Sing the Truth! with Rubén Degollado

When we spoke with Rubén Degollado, author of the YA novel Throw, a Texas Institute of Letters Award-winner in 2020, and The Family Izquierdo, a multi-generational family saga set on the U.S.-Mexico Border that was published in September 2022, he was home in South Texas in the Rio Grande Valley, taking advantage of the holiday break from his work as a teacher, to spend time writing his third book. He said having a space of his own—"with a door”—dedicated to writing, has been the one non-negotiable he’s kept throughout his life.

Rubén Degollado: I’ve lived in Florida, Oregon, Texas. One, two, three, four different houses. I’ve been married 25 years. Our first place was an apartment. Then a little trailer. Now we’re a family, my wife and three kids. Used to look at the separate space as dedicated to a hobby. I don’t know when it transitioned from just seeing writing as a hobby.

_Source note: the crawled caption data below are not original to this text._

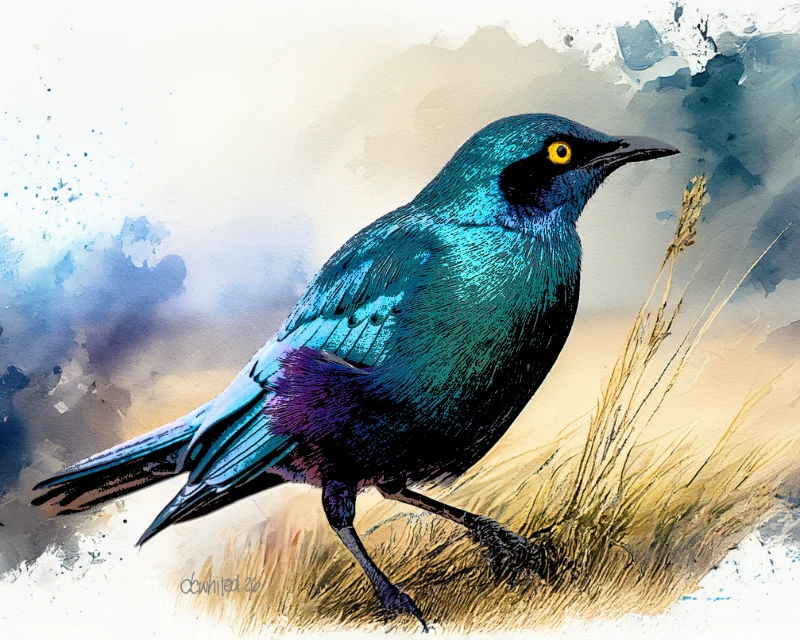 Greater Blue-eared Starling, South Africa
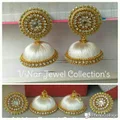 (PRE-ORDER) WHITE SILKY THREAD STUD AND JHUMKAS EARRINGS
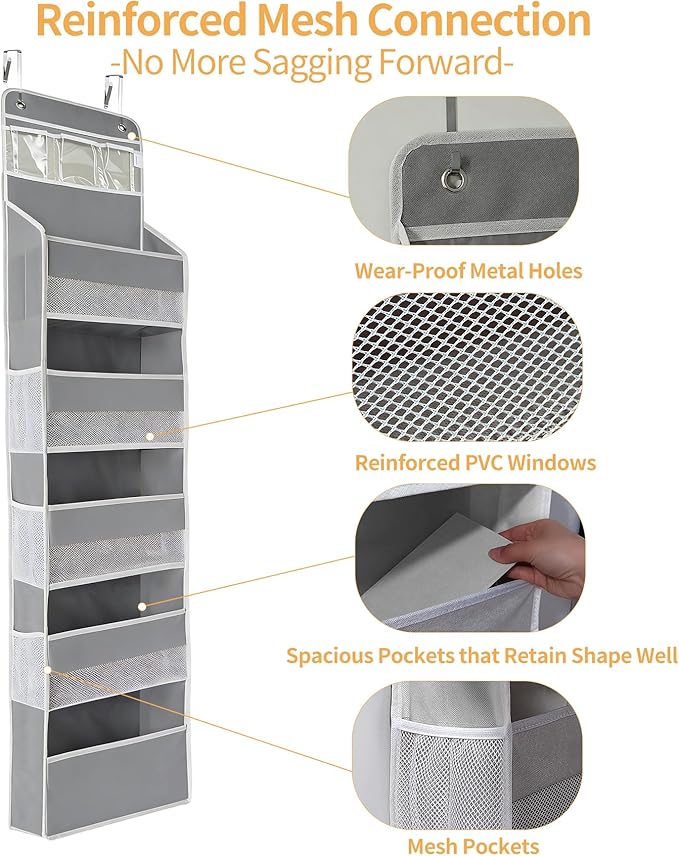 Over the Door Organizer, Door Storage Organizer with Large Capacity Pockets, Hanging Shelves for Bedroom, Closet, Dorm, Pantry (Grey, 6-Tier)
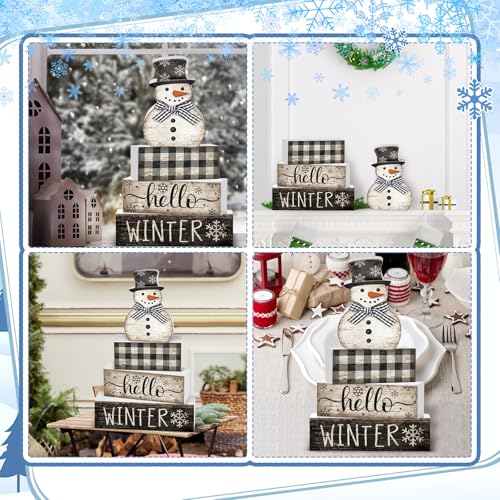 Image of Moucuny 4 Pcs Snowman Christmas Decor Winter Table Decorations Christmas Tiered Tray Decor Winter Centerpiece Decorations Indoor Rustic Wooden Snowman Block Sign Gift Farmhouse for Home Kitchen Shelf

Kweli: Could you tell me more about that leap you had to make from hobbyist to professional writer. Was it a craft issue?

RD: It was more of a leap in mindset. It was like, “Oh he writes little stories—qué bonito.” But when people start reading and dissecting and commenting on those stories, you realize that you really have something to say.


Kweli: You’ve said that the first chapter of what would become the novel The Family Izquierdo was published in Hayden’s Ferry Review in 1998. How did you keep going all those years between that first published piece and when the book was eventually published in 2022?

RD: I wrote a story every couple of years. They got published in Gulf Coast, Image Journal. Not everything got published. I got rejections. It takes a toll on you as a creative.

And there were ten to twelve years when I went silent. I focused on my career as a teacher and raising a family. I even stopped my subscription to Poets & Writers magazine because I’d see all of the announcements for contests and submission deadlines and it was discouraging.


Kweli: How did you get out of that?

RD: I stopped reading literary fiction and started reading genre fiction just to enjoy reading again. I reached out to Greg Wolfe [he’d previously published two Izquierdo stories in Image Journal] and when I sent him the manuscript for Throw he asked “Is this still available.” It was hearing that belief when my creativity came back.


Kweli: You mentioned in an online Instagram post how Kweli’s International Literary Festival really helped you find community. Can you tell us more about that?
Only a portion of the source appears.